The woman stopped talking and seemed to be
thinking back to something.

“You know it’s funny now that I talk about
him, but…” She trailed off with a slight chuckle and shook her
head. “Never mind.”

“Go on,” Tay said. “You never know what might
be helpful.”

“Well…it just came to me that my father and I
were going through some old family pictures right before he died
and a lot them were of my mother. My father said…”

She stopped talking again and shook her head.
“No, that’s too silly. I have no idea what he meant.”

“Meant about what?”

“About my mother.”

Tay said nothing. He knew she wanted to tell
him what she had just remembered and if he waited her out she would
eventually.

“He looked at this one picture of my mother
for a really long time,” she went on after a moment just as Tay had
known she would. “When he put it down, he said to me, ‘You know,
your mother wasn’t really a bookkeeper at all.’”

Laura Ann Zimmerman chuckled again.

“And then he said, ‘Your mother was really a
spy.’”

 

 

TWENTY-SIX

 

TAY THOUGHT ABOUT that all the way back to
the Cantonment Complex. He sat in the back of the taxi with his
arms folded and he thought about Laura Ann Zimmerman and her
memories of her father saying her mother was a spy.

Perhaps her father had really told her that.
Perhaps he had only told her something
like
that. The woman
seemed certain she remembered the moment exactly. Tay didn’t say
anything to challenge her, but he wasn’t nearly so sure.

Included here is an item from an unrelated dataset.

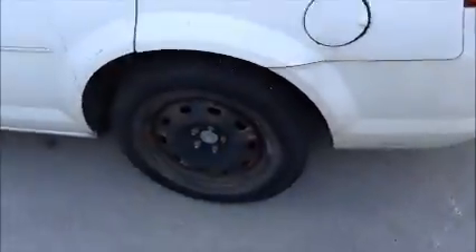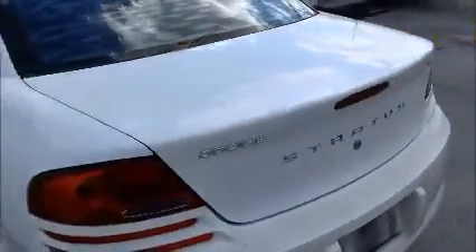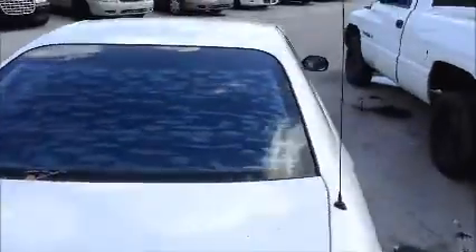Windows on this side are not opening. Windows on the driver's side are not opening. Windows on the passenger side are opening.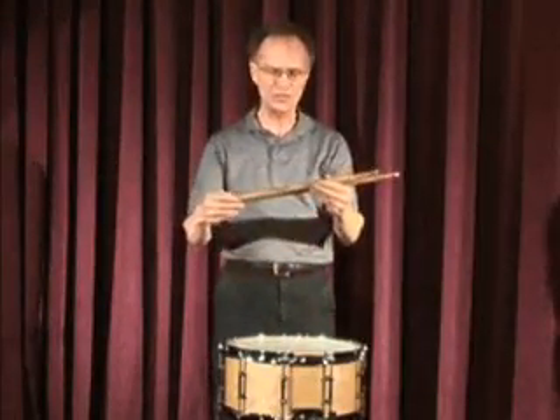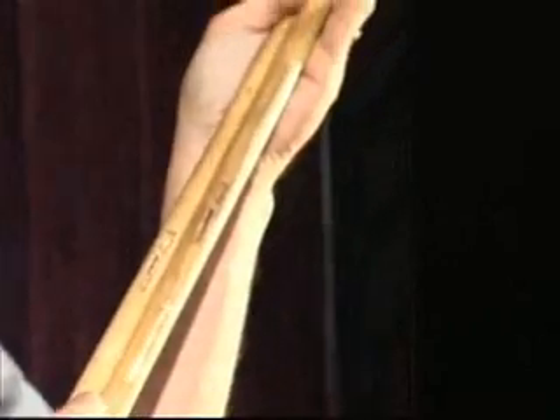Also, note the balance of this new Silver Fox Persimmon Wood Stick with my signature on it. Thanks so much for watching.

Tay understood all too well that people had
memories of things they didn’t really recall. He had come to
believe everyone’s memories were more dream than remembrance. A few
recollections of moments that were genuine connected by other
moments that were entirely imaginary. He had memories like that
himself. It was as if he had found pieces of discarded film lying
around in the cutting room of his mind and then worked them up into
a coherent narrative by sticking a few bits in between them.

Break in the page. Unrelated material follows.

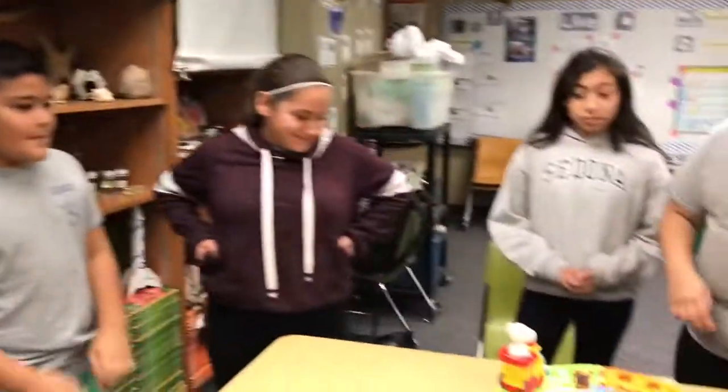Filming take one. Hello, I'm Maribel. This is Karina, Deridia, Brandon, Skyler, and this is Team 46.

That was the thing about the past. You
carried it with you as a jumble of remembrance and imagining. But
once you knew that, and once you accepted that some of your
memories weren’t real, how could you hope to understand your
past?

You might even tell yourself it doesn’t
matter whether you understand your past because it is…well, past.
Dead and buried. Why does it matter now how much of what we
remember is true? Why does it matter whether we can separate the
truth of our past from what we have merely imagined?